= Fabrizio Marrella =

Italian academic

Fabrizio Marrella, born in Venice, Italy, is Professor of International Law and of International Business Law at the University of Venice. In 2008, he was appointed as the E.MA Programme Director at the European Inter-University Centre for Human Rights and Democratisation (EIUC) where he was a member of the Board of Directors.

== Education ==
Marrella holds doctorates in Law from Pantheon-Sorbonne University and University of Bologna Law School. He also holds the Certificate as well as the Diploma of The Hague Academy of International Law (1998). He was awarded, on the base of merit, two scholarships: one from the University of Bologna and another one from the National Research Council (C.N.R.) of Italy.

== Career ==

Marrella has an extensive background in international law. He was invited to deliver a course at the Hague Academy of International Law in 2013. He specializes in International Economic Law and focuses primarily on international commercial contracts and investment arbitration also in connection with new human rights issues.

Marrella is fluent in English, French, Spanish and Italian.

== Past academic positions ==

In 2006, Marrella was appointed professeur invité at the University of Strasbourg (France). In 2007 and 2008, Prof. Marrella has served as vice-Director of the Harvard University-Venice program where he taught International Business Law. He was formerly Adjunct Professor of International Business Law at the IHEAL (Institute for Advanced Studies on Latin America) of the University of Paris III: Sorbonne Nouvelle and lecturer at the Paris Institute of Comparative Law (Panthéon-Assas University).
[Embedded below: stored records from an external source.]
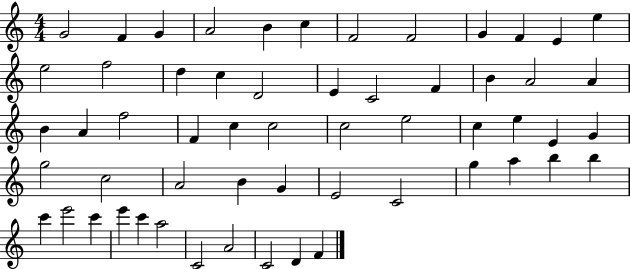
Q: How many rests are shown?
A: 0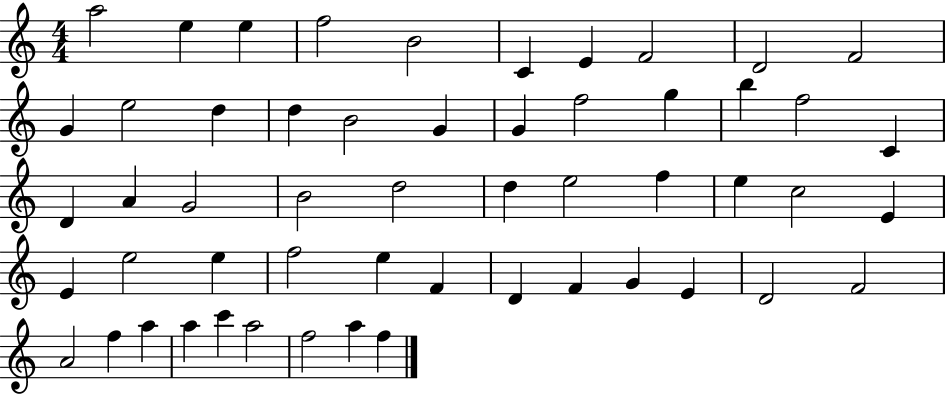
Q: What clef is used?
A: treble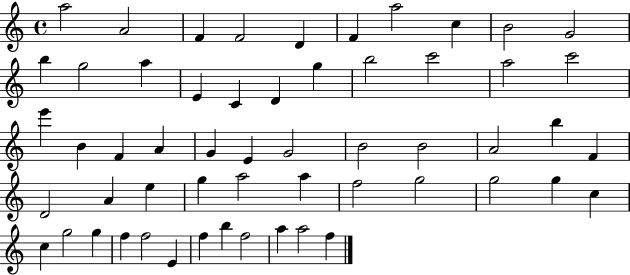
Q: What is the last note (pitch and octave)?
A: F5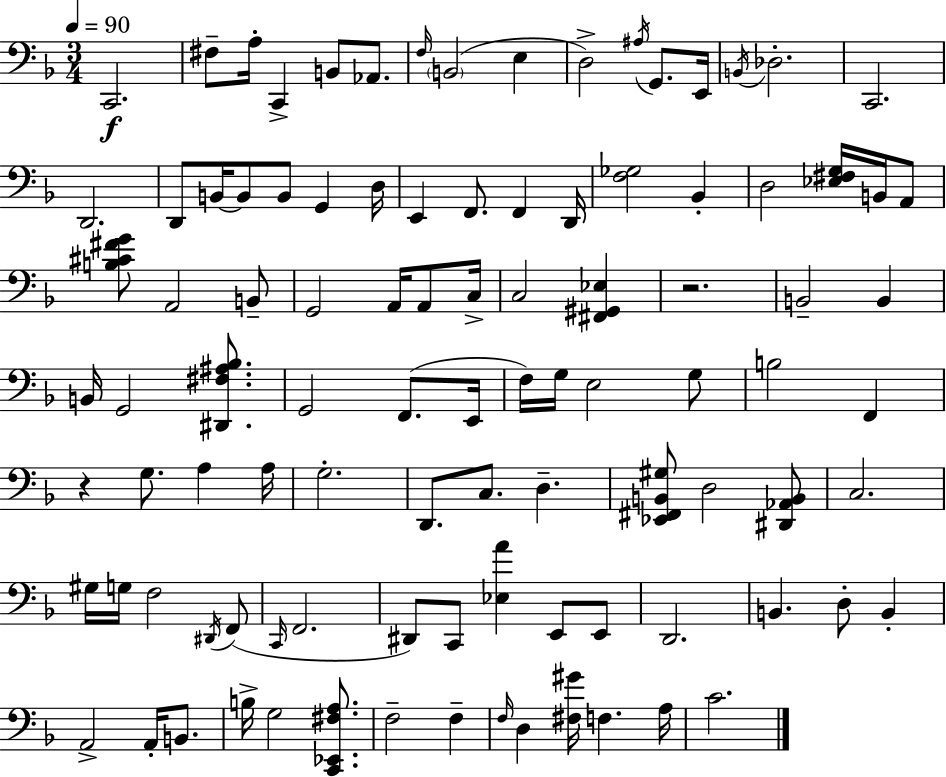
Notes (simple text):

C2/h. F#3/e A3/s C2/q B2/e Ab2/e. F3/s B2/h E3/q D3/h A#3/s G2/e. E2/s B2/s Db3/h. C2/h. D2/h. D2/e B2/s B2/e B2/e G2/q D3/s E2/q F2/e. F2/q D2/s [F3,Gb3]/h Bb2/q D3/h [Eb3,F#3,G3]/s B2/s A2/e [B3,C#4,F#4,G4]/e A2/h B2/e G2/h A2/s A2/e C3/s C3/h [F#2,G#2,Eb3]/q R/h. B2/h B2/q B2/s G2/h [D#2,F#3,A#3,Bb3]/e. G2/h F2/e. E2/s F3/s G3/s E3/h G3/e B3/h F2/q R/q G3/e. A3/q A3/s G3/h. D2/e. C3/e. D3/q. [Eb2,F#2,B2,G#3]/e D3/h [D#2,Ab2,B2]/e C3/h. G#3/s G3/s F3/h D#2/s F2/e C2/s F2/h. D#2/e C2/e [Eb3,A4]/q E2/e E2/e D2/h. B2/q. D3/e B2/q A2/h A2/s B2/e. B3/s G3/h [C2,Eb2,F#3,A3]/e. F3/h F3/q F3/s D3/q [F#3,G#4]/s F3/q. A3/s C4/h.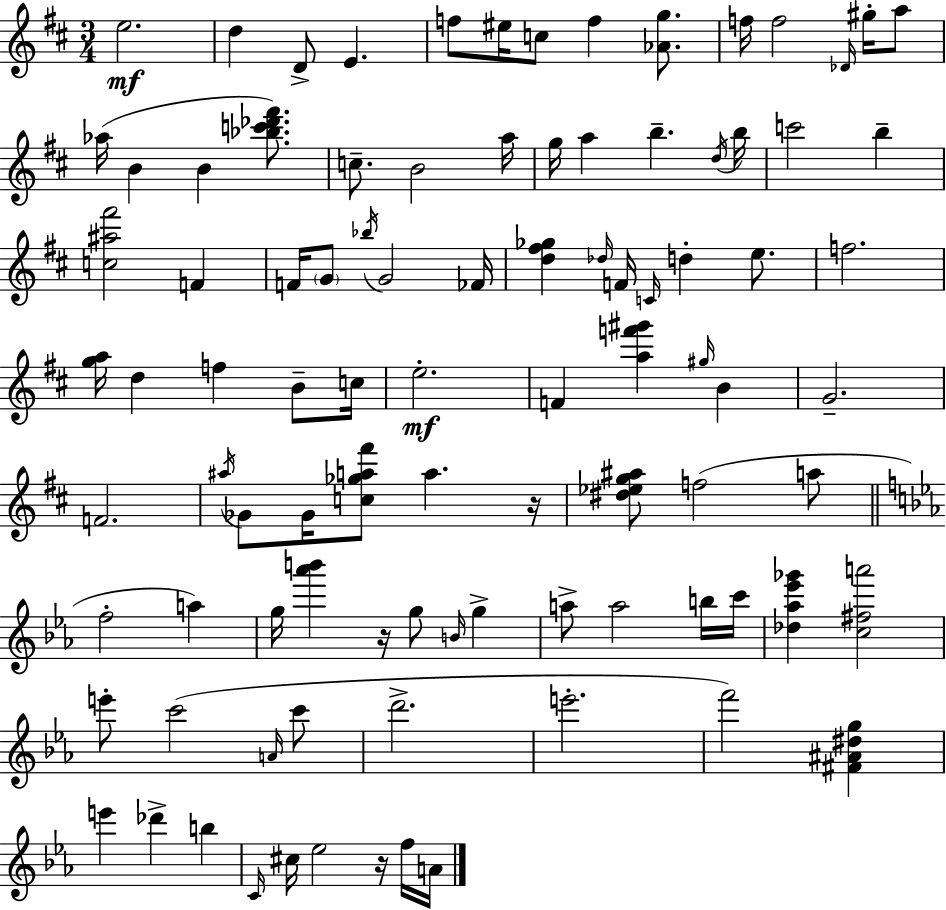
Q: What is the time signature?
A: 3/4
Marrella also served as co-director for the Wake Forest University School of Law Comparative Law Program in Venice.

Marrella taught "The international Arbitral Process", Vanderbilt University Law School; International Business Transactions (Widener International Law Summer Institute); Derecho del comercio internacional (taught in Spanish) in the Universidad Interamericana de Puerto Rico.

== Fellowship ==
Marrella is a member or a fellow of:

- International Law Association (sezione italiana).
- European Society of International Law (ESIL)
- European Private International Law Research Network.
- Italian Society for International Law/Società Italiana per il Diritto internazionale (SIDI/ISIL).
- Italian Arbitration Association/ Associazione italiana per l'arbitrato (AIA).
- CIDOIE (centro interuniversitario sul diritto delle organizzazioni internazionali economiche delle Università "Bocconi" di Milano, Genova, Torino, delPiemonte orientale e della Val d'Aosta)
- Societé Française de Droit International (SFDI).
- Societé Française de Legislation Comparée.
- Association of Attenders and Alumni of the Hague Academy of International Law.
- Association des Anciens de la Cité Internationale Universitaire de Paris.
- Association "Henry Capitant" des amis de la culture juridique française.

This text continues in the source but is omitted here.